PROBLEM TO SOLVE: Leave every picture out, then reproduce the rest of the listing exactly.

DATA PROVIDED:
>>>>>

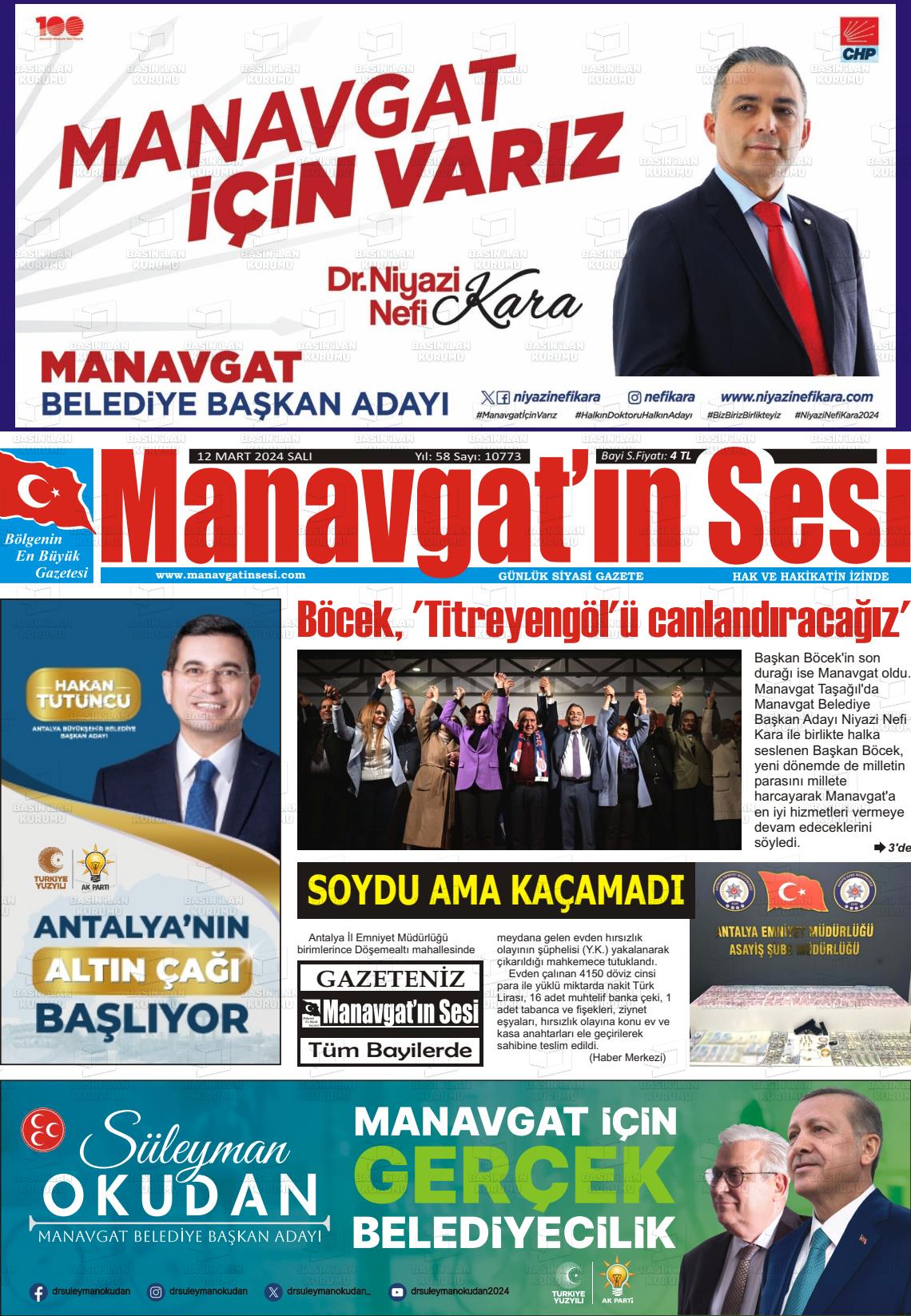 12 Mart 2024 Manavgat'ın Sesi Gazete Manşeti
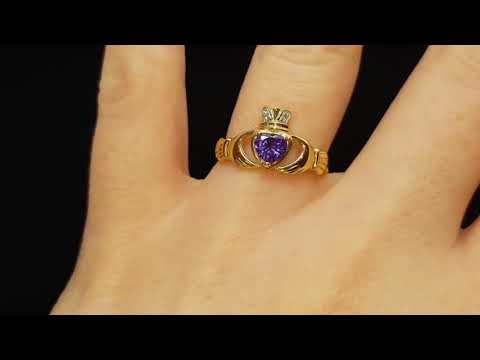 9kt Yellow Gold Faux Amethyst Ladies Claddagh Ring With CZ Crown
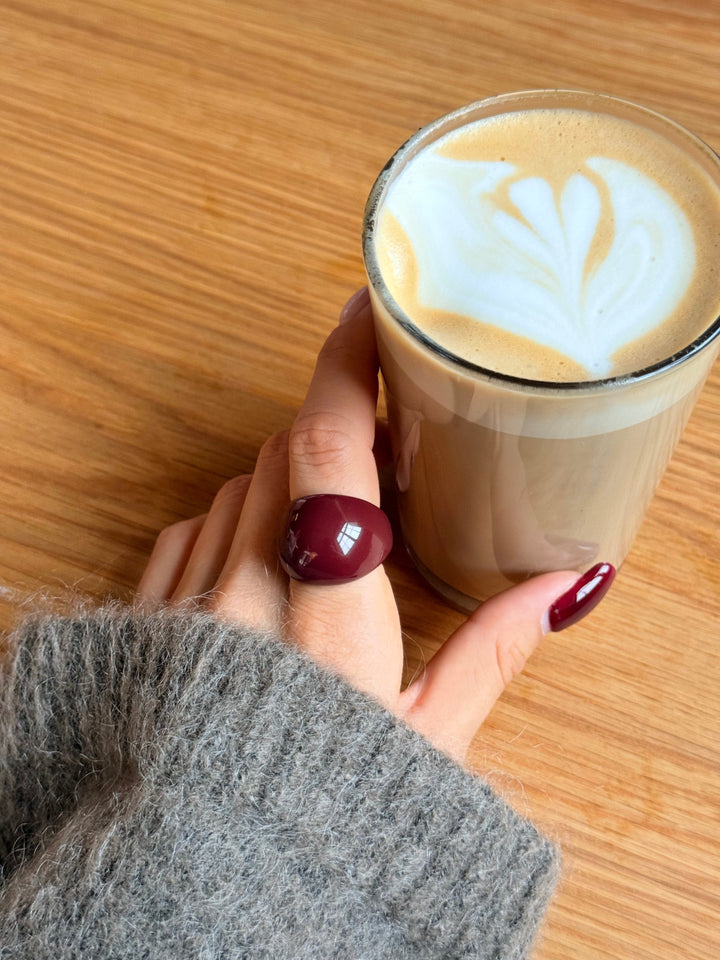 Lisa Round Chunky Ring - Burgundy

<<<<<

RESPONSE:
 12 Mart 2024 Manavgat'ın Sesi Gazete Manşeti
 9kt Yellow Gold Faux Amethyst Ladies Claddagh Ring With CZ Crown
 Lisa Round Chunky Ring - Burgundy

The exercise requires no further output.